:: Data for analysis ::
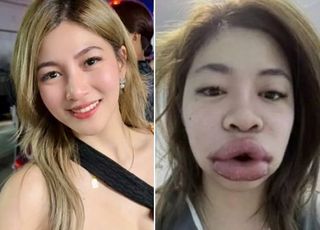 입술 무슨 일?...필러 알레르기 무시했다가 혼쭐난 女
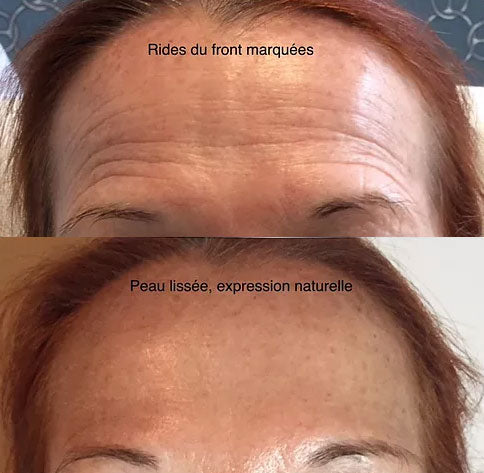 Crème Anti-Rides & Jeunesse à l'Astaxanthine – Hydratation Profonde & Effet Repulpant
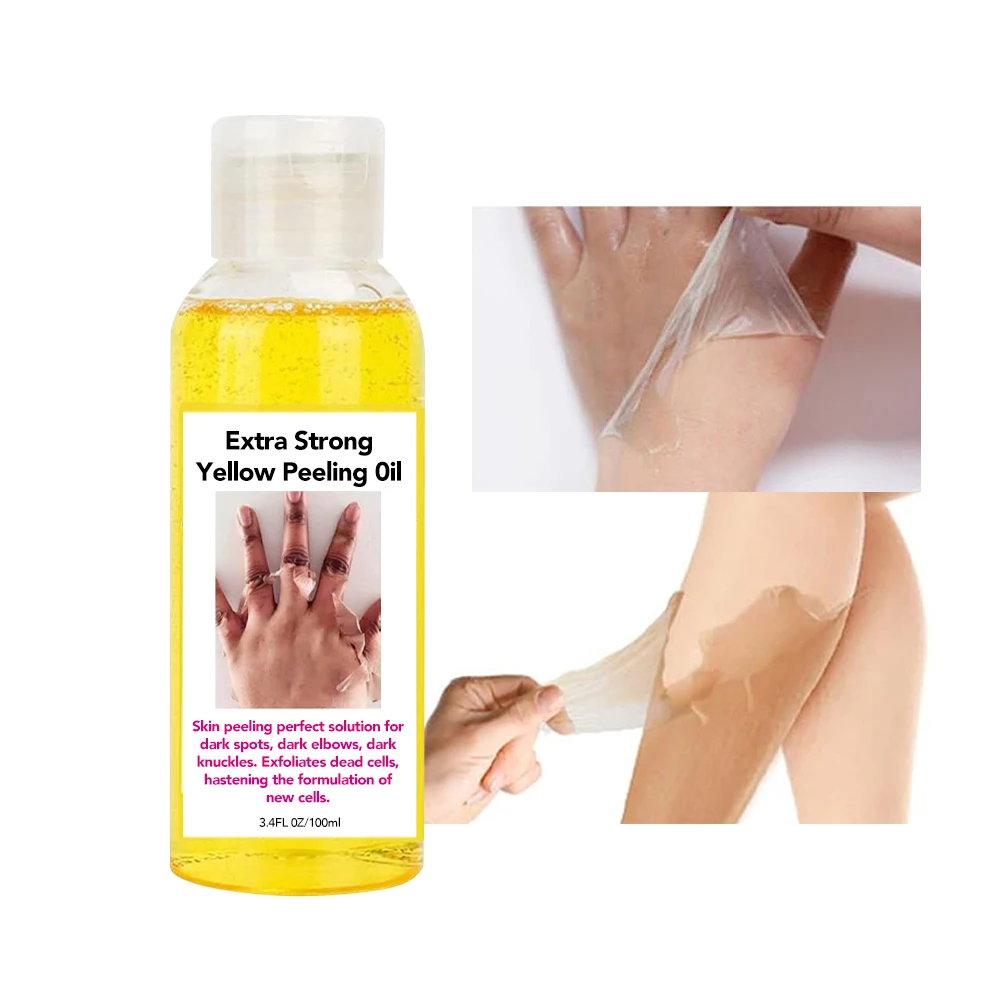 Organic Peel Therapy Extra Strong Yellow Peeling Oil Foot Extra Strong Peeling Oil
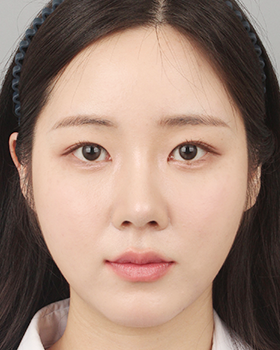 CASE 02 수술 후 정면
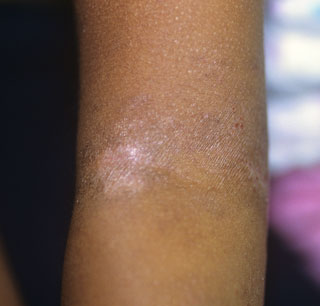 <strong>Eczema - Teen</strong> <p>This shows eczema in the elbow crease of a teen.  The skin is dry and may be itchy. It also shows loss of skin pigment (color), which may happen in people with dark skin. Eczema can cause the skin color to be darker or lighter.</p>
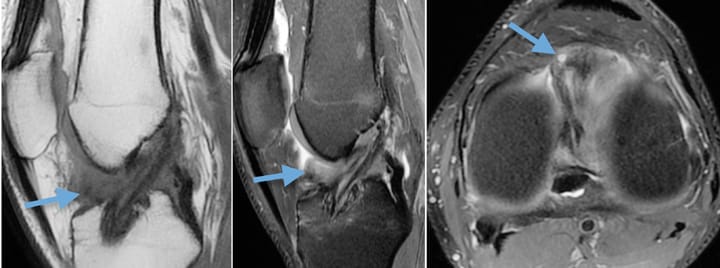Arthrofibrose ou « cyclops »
:::
→ What to work on: Give back all the material exactly, with no pictures.

→ Answer to the problem:
 입술 무슨 일?...필러 알레르기 무시했다가 혼쭐난 女
 Crème Anti-Rides & Jeunesse à l'Astaxanthine – Hydratation Profonde & Effet Repulpant
 Organic Peel Therapy Extra Strong Yellow Peeling Oil Foot Extra Strong Peeling Oil
 CASE 02 수술 후 정면
 <strong>Eczema - Teen</strong> <p>This shows eczema in the elbow crease of a teen.  The skin is dry and may be itchy. It also shows loss of skin pigment (color), which may happen in people with dark skin. Eczema can cause the skin color to be darker or lighter.</p>
Arthrofibrose ou « cyclops »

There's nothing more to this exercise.